Estimate the difference between two quotient Suppose I know that $|a-b|\leq \epsilon_1$ and $|c-d|\leq \epsilon_2$ all of them are non zero, can I estimate $$\left|\frac{a}{c}-\frac{b}{d}\right|\,?$$ I tried some thing simple $$\left|\frac{a}{c}-\frac{b}{c}+\frac{b}{c}-\frac{b}{d}\right|\leq\left|\frac{a-b}{c}\right|+|b|\left|\frac{d-c}{cd}\right|\leq \frac{\epsilon_1}{|c|}+|b|\frac{\epsilon_2}{|cd|}\,.$$ Is there another better way to do that?

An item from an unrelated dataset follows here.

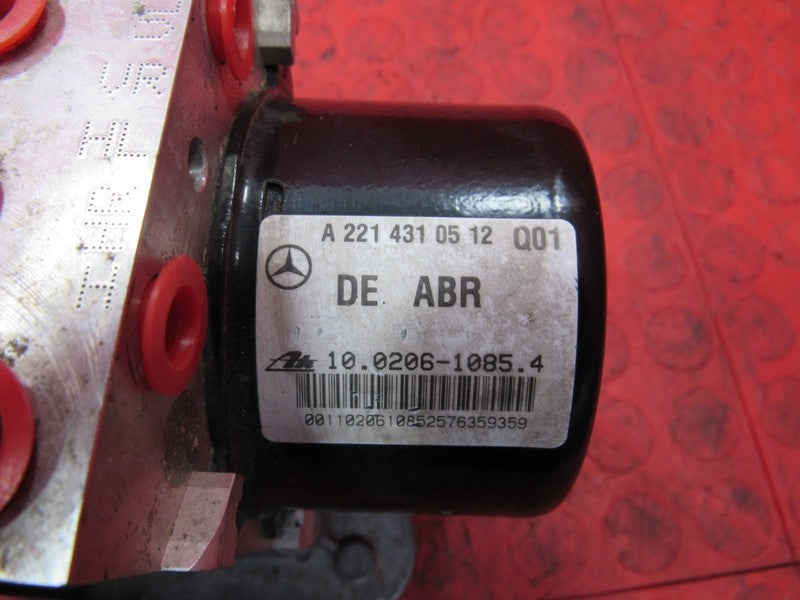07-09 Mercedes S550 S600 CL550 CL600 ABS Anti-Lock Brake Pump 221 545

 A: You can do this as well:
$$\left|\frac{a}{c}-\frac{b}{d}\right|=\left|\frac{a}{c}-\frac{a}{d}+\frac{a}{d}-\frac{b}{d}\right|\leq |a|\,\left|\frac{d-c}{cd}\right|+\left|\frac{a-b}{d}\right|\leq \frac{|a|}{|cd|}\epsilon_1+\frac{1}{|d|}\epsilon_2\,.$$
Thus,
$$\left|\frac{a}{c}-\frac{b}{d}\right|\leq \min\Biggl\{\frac{|a|}{|cd|}\epsilon_1+\frac{1}{|d|}\epsilon_2,\frac{1}{|c|}\epsilon_1+\frac{|b|}{|cd|}\epsilon_2\Biggr\}\,.$$
I do not think that you can improve this inequality by much, as it is sharp.

However, you can reduce everything into just $a$, $c$, $\epsilon_1$, and $\epsilon_2$, provided that $|c|>\epsilon_2$. That is, from
$$|b|\leq |a|+\epsilon_1\text{ and }|d|\geq |c|-\epsilon_2\,,$$
we obtain
$$\begin{align}
\left|\frac{a}{c}-\frac{b}{d}\right|&\leq \min\Biggl\{\frac{|a|}{|cd|}\epsilon_1+\frac{1}{|d|}\epsilon_2,\frac{1}{|c|}\epsilon_1+\frac{|b|}{|cd|}\epsilon_2\Biggr\}
\\&\leq \min\Biggl\{\frac{|a|}{|c|\big(|c|-\epsilon_2\big)}\epsilon_1+\frac{1}{\big(|c|-\epsilon_2\big)}\epsilon_2,\frac{1}{|c|}\epsilon_1+\frac{|a|+\epsilon_1}{|c|\big(|c|-\epsilon_2\big)}\epsilon_2\Biggr\}\,.\end{align}$$
This inequality is also sharp.